Daniel cogió el balde donde el preso hacía sus necesidades y se encaminó hacia la puerta de la celda, dispuesto a vaciarlo y limpiarlo, sin dejar de observar a Eduardo. Se había percatado de que había estado a punto de desmayarse, pero parecía haberse recobrado en el último instante. El confinado le miró y Daniel advirtió algo extraño en su mirada. Parecía la de otra persona. Esto le dejó un tanto confundido, sorprendido. Además, podía percibir su ira en la mirada penetrante que exhibía, y algo más, aunque no supo describirlo. Esto le hizo apretar más firmemente la empuñadura de su arma, algo le decía que tuviera cuidado. Sabía perfectamente para qué se hacía el ritual y, aunque conocía el poder que dotaba a los descendientes directos de Vlad, era susceptible a la leyenda que Nicolau proclamaba. Se preguntó si se había hecho realidad aquella majadería.

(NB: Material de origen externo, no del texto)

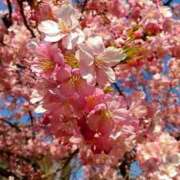 ヒメ日記 2026/03/06 08:51 投稿 まひる 熟女の風俗最終章 本厚木店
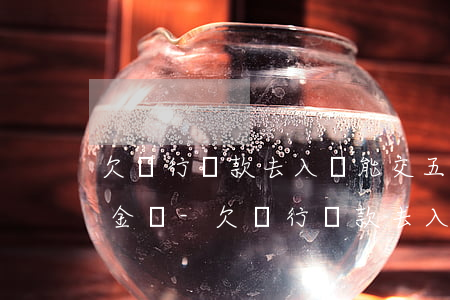 欠銀行貸款去入職能交五險(xiǎn)一金嗎-欠銀行貸款去入職能交五險(xiǎn)一金嗎有影響嗎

Eduardo, dominado totalmente por el alma de Vlad, esperó la ocasión perfecta para el ataque. Llevaba siglos encerrado en su anterior cuerpo, esperando el momento en que un descendiente directo fuera lo suficientemente receptivo y cualificado para albergarlo en su interior. Por fin lo había conseguido. La ira era su fuente de alimentación. Ahora debía escapar. Esperó a que aquel hombre armado pasara a su altura, observando con minuciosidad cada paso que daba. Cuando llegó a su altura, a un par de metros de distancia, Eduardo, poseído por Vlad, señaló el suelo con un dedo, a los pies de Daniel.

—Cuidado —le advirtió con aire despreocupado, como si un objeto estuviera en el suelo y pudiera tropezarse. Daniel miró al suelo instintivamente.

Vlad, al mando del cuerpo de Eduardo, en una centésima de segundo, se abalanzó sobre él recorriendo la distancia que les separaba en un abrir y cerrar de ojos, antes incluso de que Daniel se percatara de que no había nada en el suelo. Fue un ataque excepcional, como fiera que salta sobre su presa, con una determinación y ferocidad brutales. Con un gemido animal, gutural, le asió por detrás y le giró la cabeza bruscamente con una fuerza sobrenatural, rompiéndole el cuello. Daniel se desplomó como un muñeco. Cogió las llaves del bolsillo de su chaqueta y salió de su celda a grandes zancadas, con la adrenalina invadiendo cada rincón de su «nuevo» cuerpo. Se introdujo por el corredor directo hacia las escaleras que le sacaran de las catacumbas del castillo.